The Court stated that, ‘The contested directive, and in particular Articles 9(1) and 11(1) thereof, grants the Member States discretion and, in principle, that discretion is broad enough to enable them to apply the rules of that directive in conformity with the requirements resulting from the protection of the fundamental rights and fundamental freedoms under the EC Treaty’ and ‘It follows from all of the foregoing that the Community legislature cannot be accused of having failed to resolve in an exhaustive and definitive manner, within the framework of a directive, a problem coming within the scope of the freedom of establishment, where that directive grants the Member States a discretion which enables them fully to respect the rules of the EC Treaty and the general principles of Community law.’

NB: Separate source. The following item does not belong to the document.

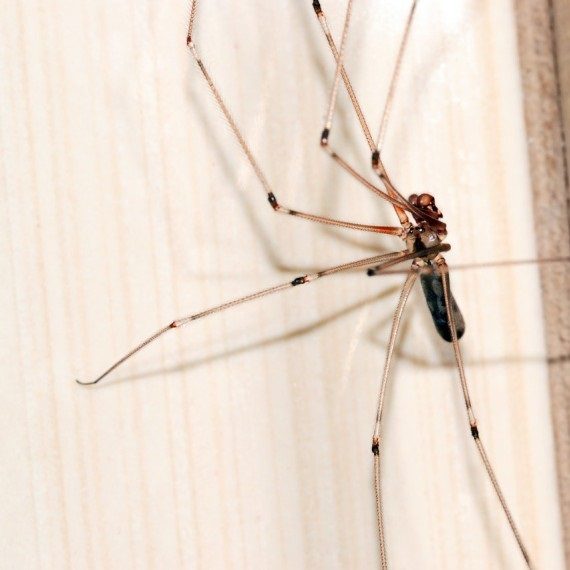 Spiders, Pest Control in Farningham, Eynsford, Horton Kirby, DA4. Call Now! 020 8166 9746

The Arcelor’s pleas for partial annulment of the Directive 2003/87/EC in the said case were dismissed mainly because the Directive (as of the text before the amendments made by the Directive 2009/29/EC) did not provide for any specific rule regulating this matter, and in particular, did not provide for any restriction on cross-border transfers of allowances between legal persons within the same group of companies, irrespective of whether their registered office and/or principal place of business were located within the internal market.
Although Article 11(3) of the Directive, in conjunction with criterion 6 of Annex III thereto, requires that the Member States take account of the need to make access to allowances available to new entrants, the contested by the Arcelor directive does not also provide, as such, for the establishment of such a reserve.
Finally, in the Court opinion, it cannot therefore be concluded that that directive contains an unlawful restriction on the fundamental freedoms of the EC Treaty, including the freedom of establishment, or that it encourages the Member States not to respect those freedoms. Thus, the possible inadequacy of that access to offset the loss of allowances as a result of the closure of an installation also cannot be attributed to the Community legislature.